Namun John mengatakan bahwa program Ilakucaraq, yang didanai melalui Program Pendidikan Penduduk Asli Alaska di bawah Departemen Pendidikan Amerika Serikat, mungkin akan kehilangan pendanaannya tahun depan. Tanpa program tersebut, para siswa tidak akan memiliki kesempatan untuk bepergian ke komunitas pedesaan lain, atau untuk menjalin keakraban dengan remaja dari kelompok Penduduk Asli Alaska lainnya.

Beberapa peserta program mengatakan itu bisa menjadi kerugian yang nyata.

Jaime Twitchell memperkenalkan dirinya di Yup'ik: “Waqaa, wiinga Yugcetun Qasqanayuk. Kasiglurmiunguunga tamani-llu cali anglilua. Angayuqaagka Cungassaq Iiguaq-llu. Ilakluki Kasiglurmiut yuralartua.”

Twitchell berasal dari komunitas Yukon-Kuskokwim Delta di Kasigluk. Ini tahun ketiganya berpartisipasi dalam program ini. “Saya belajar banyak dari program ini,” katanya. “Saya kebanyakan… Saya mengalami kecemasan sosial. Jadi, program ini membantu saya melewatinya.

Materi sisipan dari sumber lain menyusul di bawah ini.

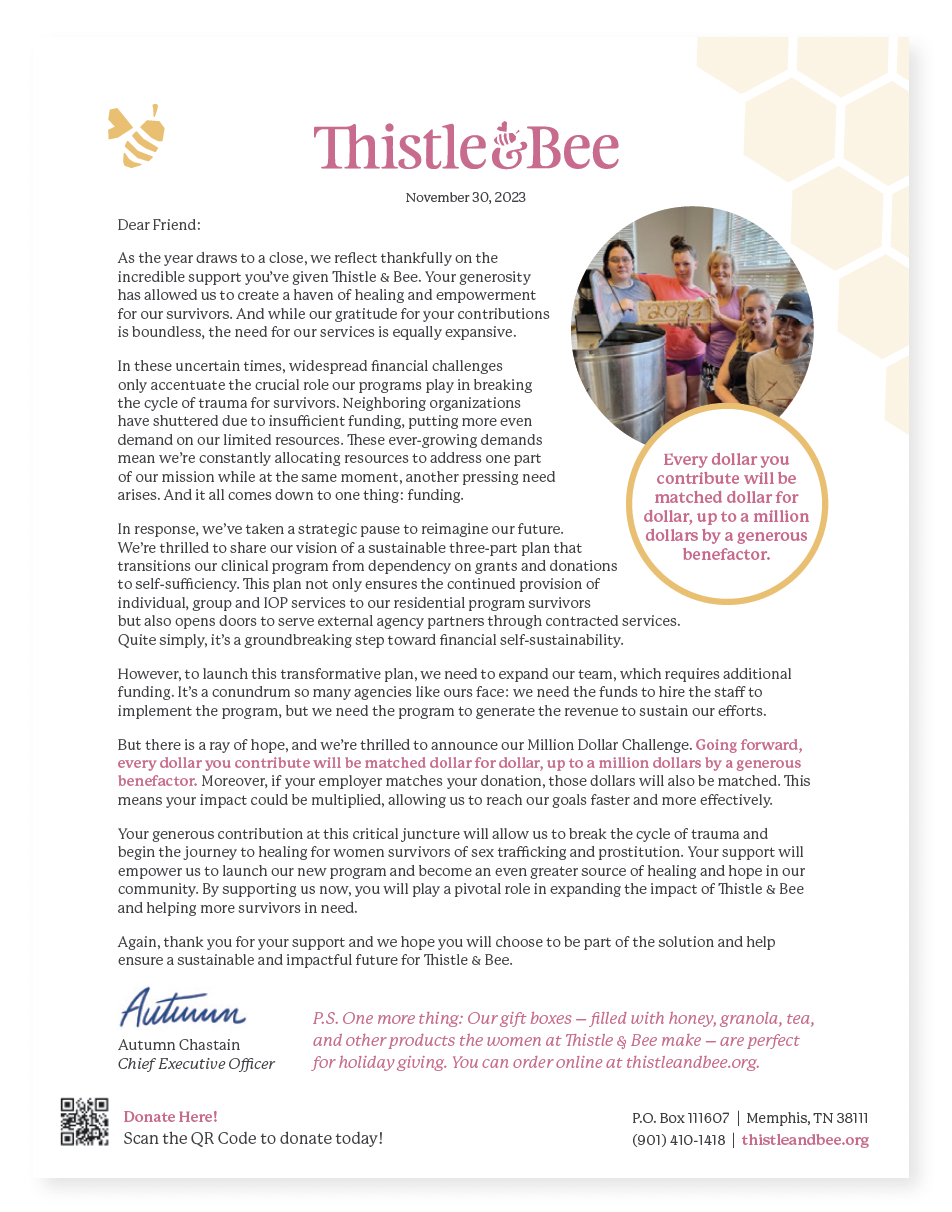 Thistle & Bee Enterprises annual giving campaign letter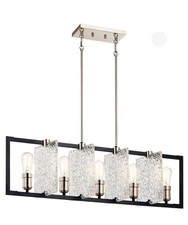 Kichler 43977BK -Forge 5 Light Linear Chandelier Black . 38.75 Inch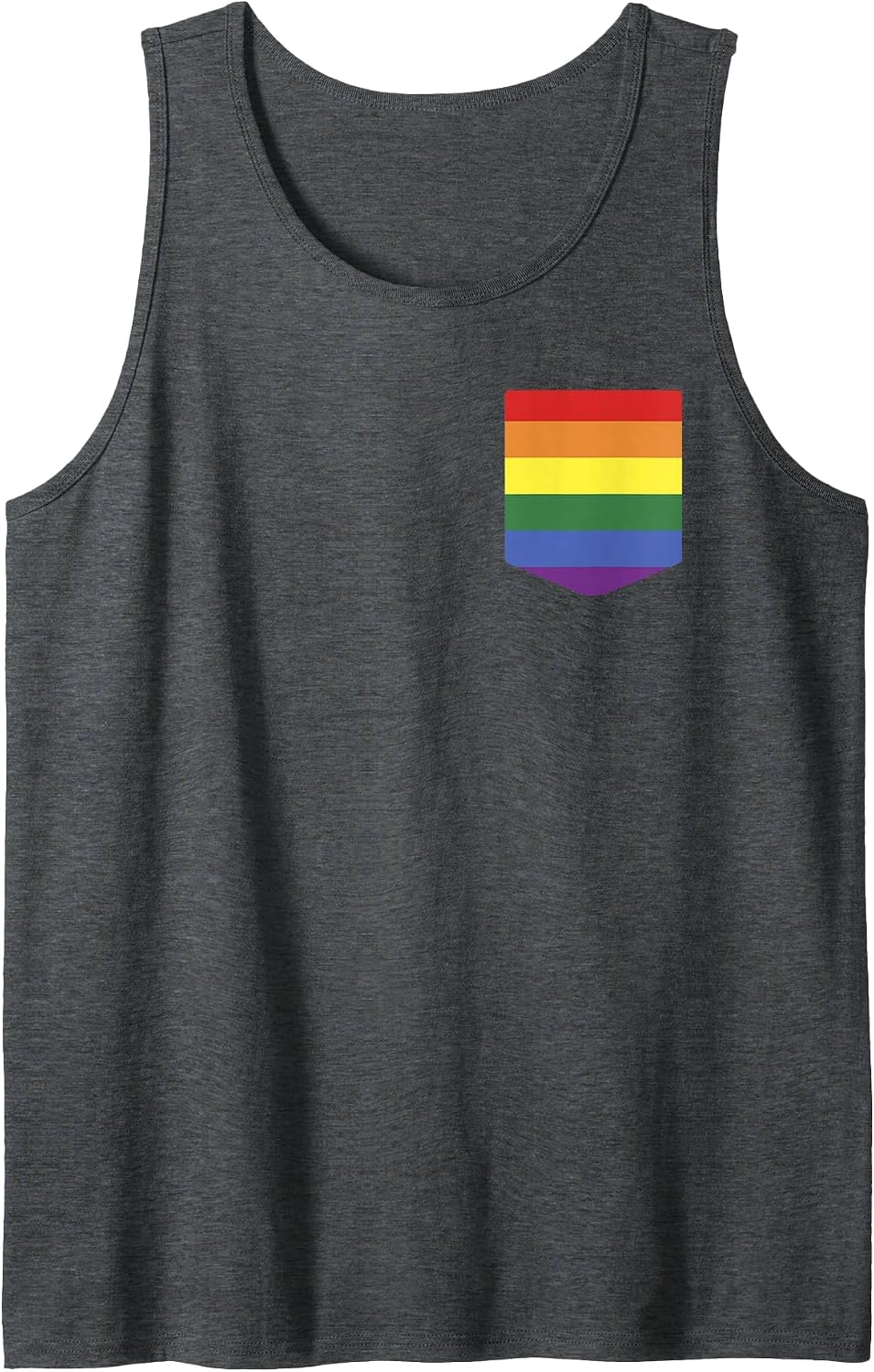 Pocket Rainbow Flag Print Retro Gay LGBT Pride Month Support Tank Top - Dark Heather Grey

Dan, seperti, bertemu lebih banyak orang.”

Rekan anggota programnya, Jayden Lampe dari Utqiaġvik, setuju.

“Ini pengalaman yang sangat hebat,” kata Lampe. “Saya senang bertemu banyak orang baru. Dan itulah yang saya lakukan, khususnya orang-orang dari seluruh Alaska. Senang rasanya mengetahui bahwa saya memiliki rasa kebersamaan, tidak hanya di tempat asal saya, tetapi di seluruh Alaska.”

Program ini tidak menerima dana pada musim semi ini, jadi putaran Ilakucaraq ini akan berakhir pada musim gugur ini. Namun, seorang perwakilan dari Forum Kemanusiaan Alaska mengatakan bahwa mereka sedang melaksanakan program serupa untuk pemuda di seluruh negara bagian.

Julia Jimmie menyumbangkan terjemahan Yugtun untuk cerita ini.